» **Problem statement**: Could you repeat every record exactly as it appears?

» **Records supplied**:
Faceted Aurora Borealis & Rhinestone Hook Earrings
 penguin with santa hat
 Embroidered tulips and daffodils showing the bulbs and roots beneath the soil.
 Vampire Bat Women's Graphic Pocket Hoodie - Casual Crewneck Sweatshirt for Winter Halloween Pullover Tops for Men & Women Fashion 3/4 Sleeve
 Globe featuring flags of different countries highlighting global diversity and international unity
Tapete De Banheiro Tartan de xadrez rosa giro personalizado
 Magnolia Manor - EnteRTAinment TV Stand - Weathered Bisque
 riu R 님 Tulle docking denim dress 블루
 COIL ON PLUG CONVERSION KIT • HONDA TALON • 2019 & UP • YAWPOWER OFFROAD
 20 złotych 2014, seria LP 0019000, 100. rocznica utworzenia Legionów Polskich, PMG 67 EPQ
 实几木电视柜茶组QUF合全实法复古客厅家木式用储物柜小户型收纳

» **Answer for the task**:
Faceted Aurora Borealis & Rhinestone Hook Earrings
 penguin with santa hat
 Embroidered tulips and daffodils showing the bulbs and roots beneath the soil.
 Vampire Bat Women's Graphic Pocket Hoodie - Casual Crewneck Sweatshirt for Winter Halloween Pullover Tops for Men & Women Fashion 3/4 Sleeve
 Globe featuring flags of different countries highlighting global diversity and international unity
Tapete De Banheiro Tartan de xadrez rosa giro personalizado
 Magnolia Manor - EnteRTAinment TV Stand - Weathered Bisque
 riu R 님 Tulle docking denim dress 블루
 COIL ON PLUG CONVERSION KIT • HONDA TALON • 2019 & UP • YAWPOWER OFFROAD
 20 złotych 2014, seria LP 0019000, 100. rocznica utworzenia Legionów Polskich, PMG 67 EPQ
 实几木电视柜茶组QUF合全实法复古客厅家木式用储物柜小户型收纳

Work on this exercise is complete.